The CKAN extension mechanism is quite sophisticated and a lot of thought and effort was put into it, so it's highly recommeded to use it to extend and modify CKAN behavior rather then editing it's core code directly (as we did in the last section).
On par with the aforementioned, it is also a recommended way to package new features and fucntionalities, for instance, one large feature in each extension. So Extensions are an excellent way to create [Separation of Concerns](https://en.wikipedia.org/wiki/Separation_of_concerns) and keep a [modular](https://en.wikipedia.org/wiki/Modular_programming) featureset for your customization project.
### Benefits of Using Extensions
- Features can be enabled/disabled just by enabling your favorite or custom created extension.
- Upgrades and security fixes of the core code remains agnostic of any custom extension code you may have written to support your business goals and logic.

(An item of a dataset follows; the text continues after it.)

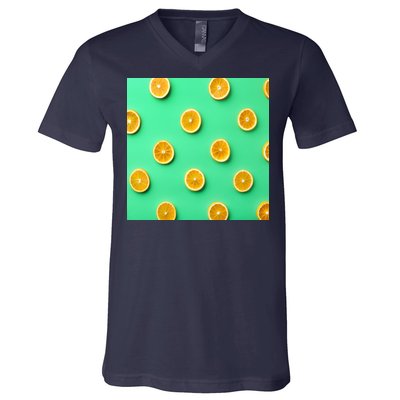 Colorful Pattern of Fresh Orange Slices  V-Neck T-Shirt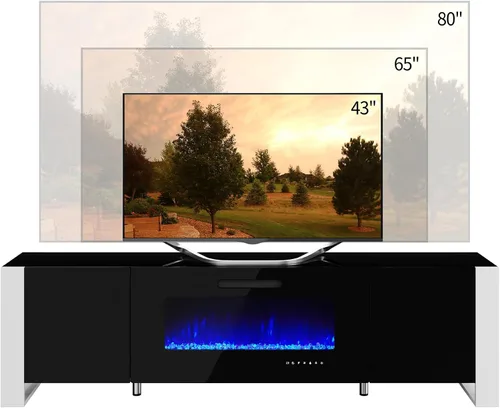 Vista 6 de VanAcc - Soporte moderno de TV con chimenea de 70 pulgadas con almacenamiento para televisores de hasta 80 pulgadas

- Theming and styling remains completely agnostic of CKAN code.
- Testing is done per extension, tests are written per extension which makes it quicker and easier to test in the context of a large CKAN installation.
- Extensions have their own dependencies and as such enable you to use almost any library from any publisher in the Python ecosystem (per example, you could add image recognition capabilities to your CKAN portal via [OpenCV Python](https://pypi.org/project/opencv-python/) so it **automatically** adds certain suitable metadata in a dataset).
- It's very easy to collaborate on a well defined piece of extension code than on a huge code reposistory holding both the CKAN core code and your custom project.
Now that we're convinced with Extensions being the way to go for CKAN custom project development in almost all of the cases, let's roll up our sleeves and get hacking.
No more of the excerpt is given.